Beat Richner (13 March 1947 – 9 September 2018) was a Swiss pediatrician, cellist and founder of children's hospitals in Cambodia. He created the Kantha Bopha Foundation in Zürich in 1992 and became its head. Along with another expatriate, he oversaw and ran the predominantly Cambodian-staffed hospitals. As both a cellist and a medical doctor, Richner was known by patients, audiences, and donors as "Beatocello".

==Career==
Richner was born on 13 March 1947 in Zürich. After receiving his medical degree in 1973, Richner specialized in pediatric care at the Zürich Children's Hospital. Following this, working for the Swiss Red Cross, he was sent to Cambodia where he worked at the Kantha Bopha Children's Hospital in Phnom Penh in 1974 and 1975. The hospital is named in memory of HRH Samdach Preah Ang Mechas Norodom Kantha Bopha (1948–1952), who was the daughter of King Norodom Sihanouk and died at a very young age. When the Khmer Rouge overran Cambodia, Richner was forced to return to Switzerland where he continued his work at the Zürich Children's Hospital. In the process of pursuing his medical career and an interest in music and entertainment, Dr. Richner developed the character of "Beatocello", an artistic and comedic clown who played the cello. Along with this persona, Richner also published many children's books based on "Beatocello".

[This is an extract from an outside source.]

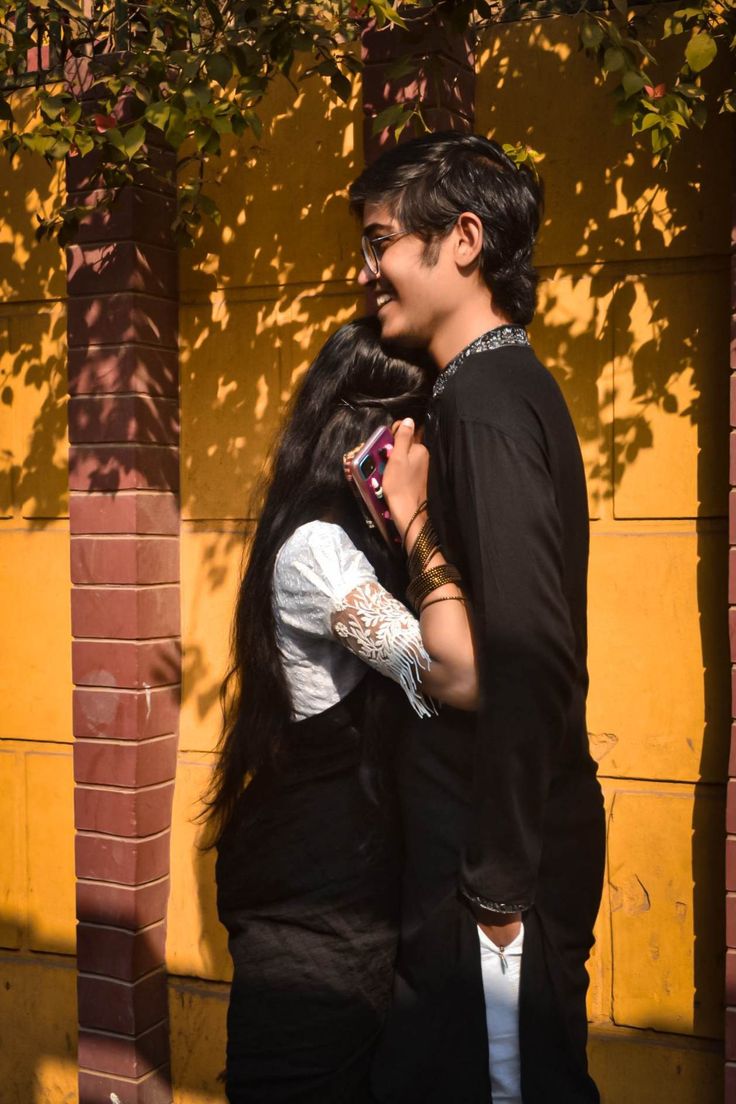 two people standing next to each other in front of a yellow brick wall and tree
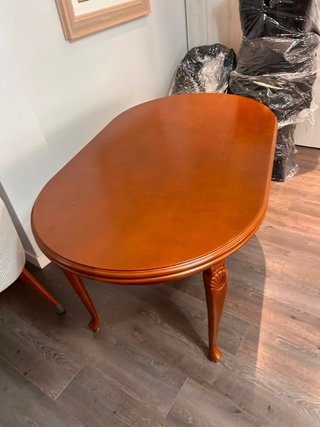 Mesa de comedor extensible ovalada de madera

In December 1991 Richner returned to Cambodia and saw the devastation that had taken place following the ensuing conflicts with the Khmer Rouge and Vietnam. He was asked to re-open and re-build Kantha Bopha by the Cambodian government. Creating the Kantha Bopha Foundation in March 1992, Richner officially returned to Cambodia to begin reconstruction and Kantha Bopha was reopened in November 1992. Since then, the foundation has funded the expansion of Kantha Bopha Children's Hospitals to include five hospitals in total.

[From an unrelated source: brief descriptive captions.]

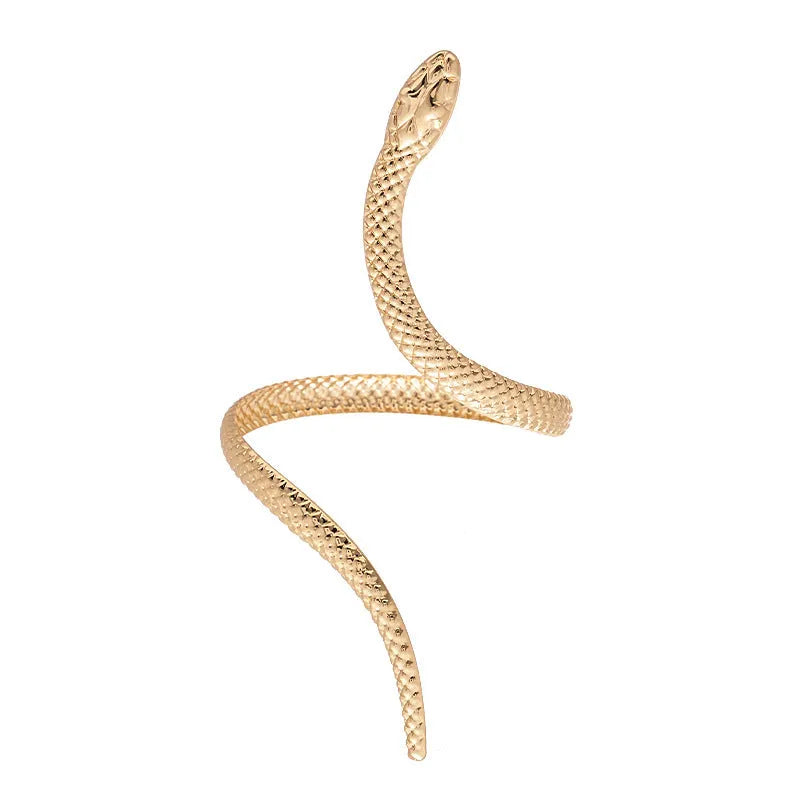 Gold exaggerated twisted snake design bracelet and ring jewellery set on a dark background.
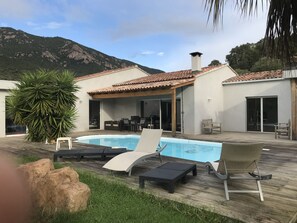 Zona piscina con lettini, un pontile in legno e uno sfondo montuoso.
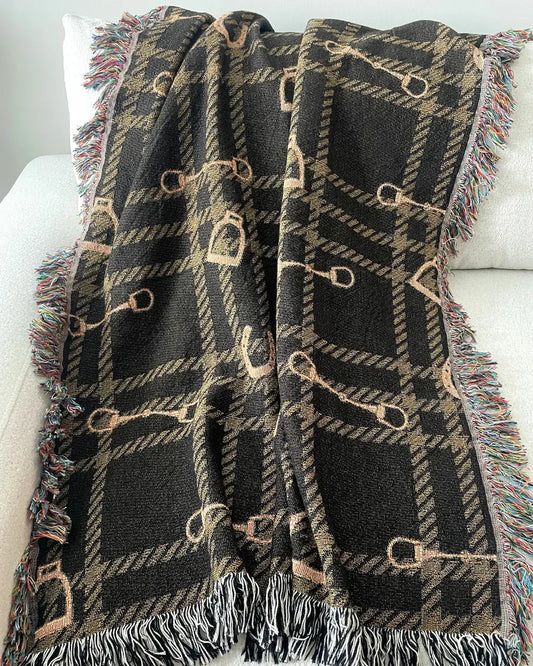 Equestrian woven throw blanket with a dark brown plaid pattern, horse bits and stirrups, and black-and-white and multicolored fringe, draped over a white sofa.
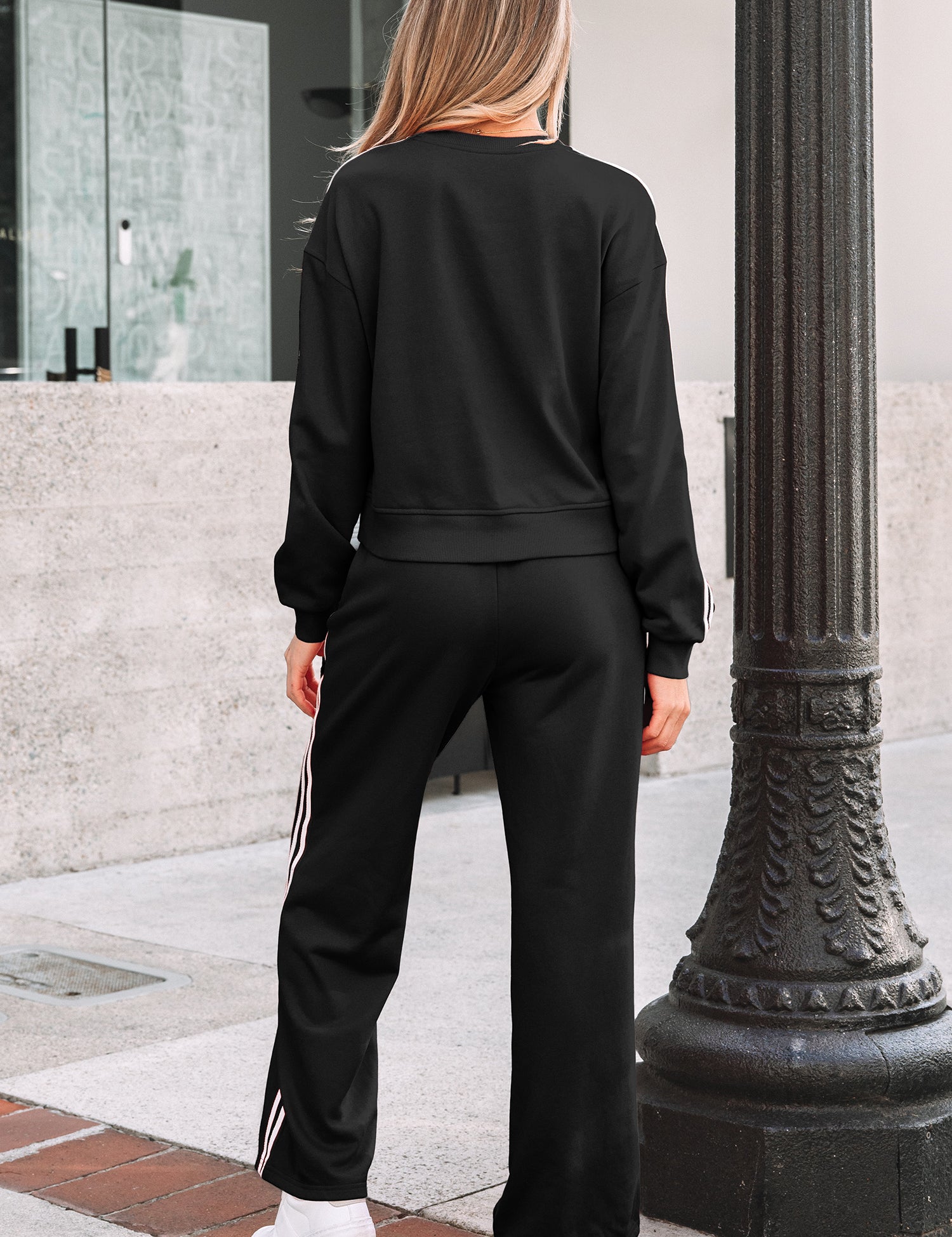 Person wearing a black tracksuit standing next to a decorative lamp post.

As "Beatocello", Richner performed free concerts at the Jayavarman VII hospital in Siem Reap on Thursday and Saturday nights, during the high season. The evenings included songs, played on his cello, and talks on the health crisis in Cambodia. He asked the young tourists for blood, the older tourists for money, and the ones in between for both. Richner and his work in Cambodia were also the subject of six documentary films by Georges Gachot: Bach at the Pagoda (1997), And the Beat Goes On (1999), Depardieu goes for Beatocello (2002), Money or Blood (2004), "15 Years of Kantha Bopha" (2007), "Beatocello's Umbrella" (2012) . In 2006, the documentary "Dr Beat and The Passive Genocide of Children" by Australian film maker Janine Hosking was produced.

Richner waged war on the large aid agencies, claiming that their policies of poor health care for poor people in poor countries are both illogical and immoral.

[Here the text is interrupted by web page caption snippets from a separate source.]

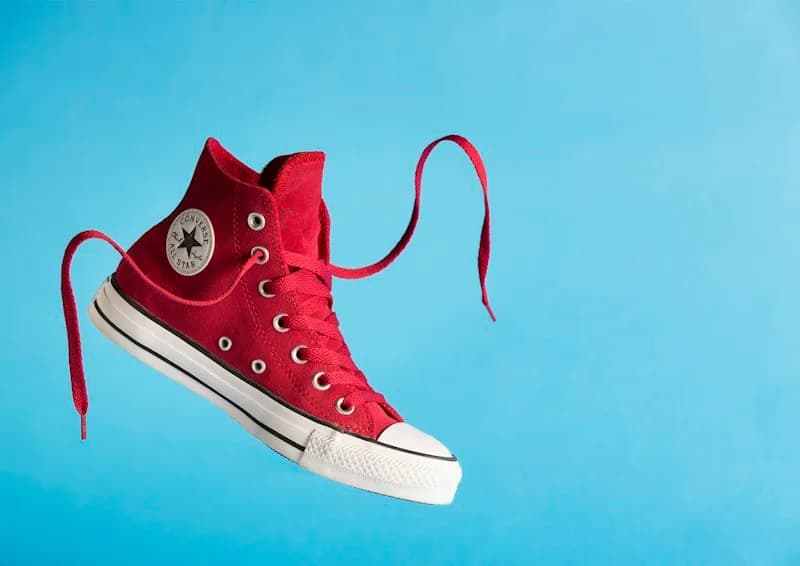Red Converse high-top sneaker against a bright blue background.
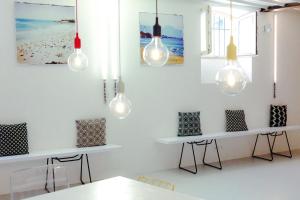 a room with two tables and lights on the wall at Surf Sea and Sun in Biarritz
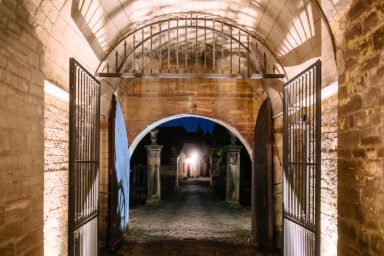 Event 5 Blick durch einen beleuchteten Torbogen auf einen gepflasterten Weg in der Dämmerung.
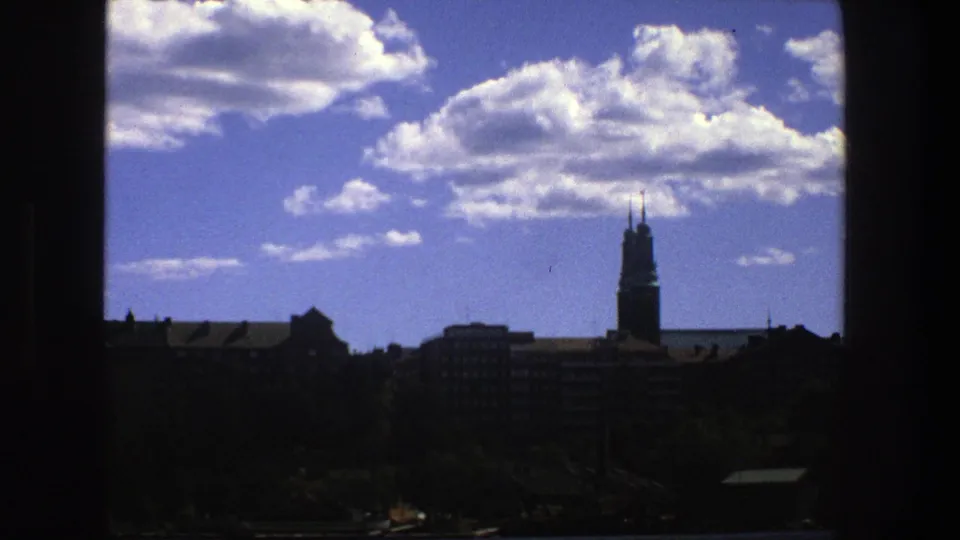 Stockholm skyline in 1975 with cumulus clouds, silhouetted buildings, trees, and a tower viewed through a dark window opening.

Richner was named "Swiss of the Year" in 2002.

He died of a serious illness on 9 September 2018 aged 71.

==Kantha Bopha==
The five children's hospitals built by Richner and the Kantha Bopha Foundation are located in Cambodia's major cities. All of the hospitals provide treatment free of charge. Kantha Bopha I and II can be found in Phnom Penh and Jayavarman VII in Siem Reap. Kantha Bopha IV was opened in Phnom Penh in December 2005 and is connected to Kantha Bopha I. The 5th hospital, the most recent construction, opened in December 2007 (also in Phnom Penh).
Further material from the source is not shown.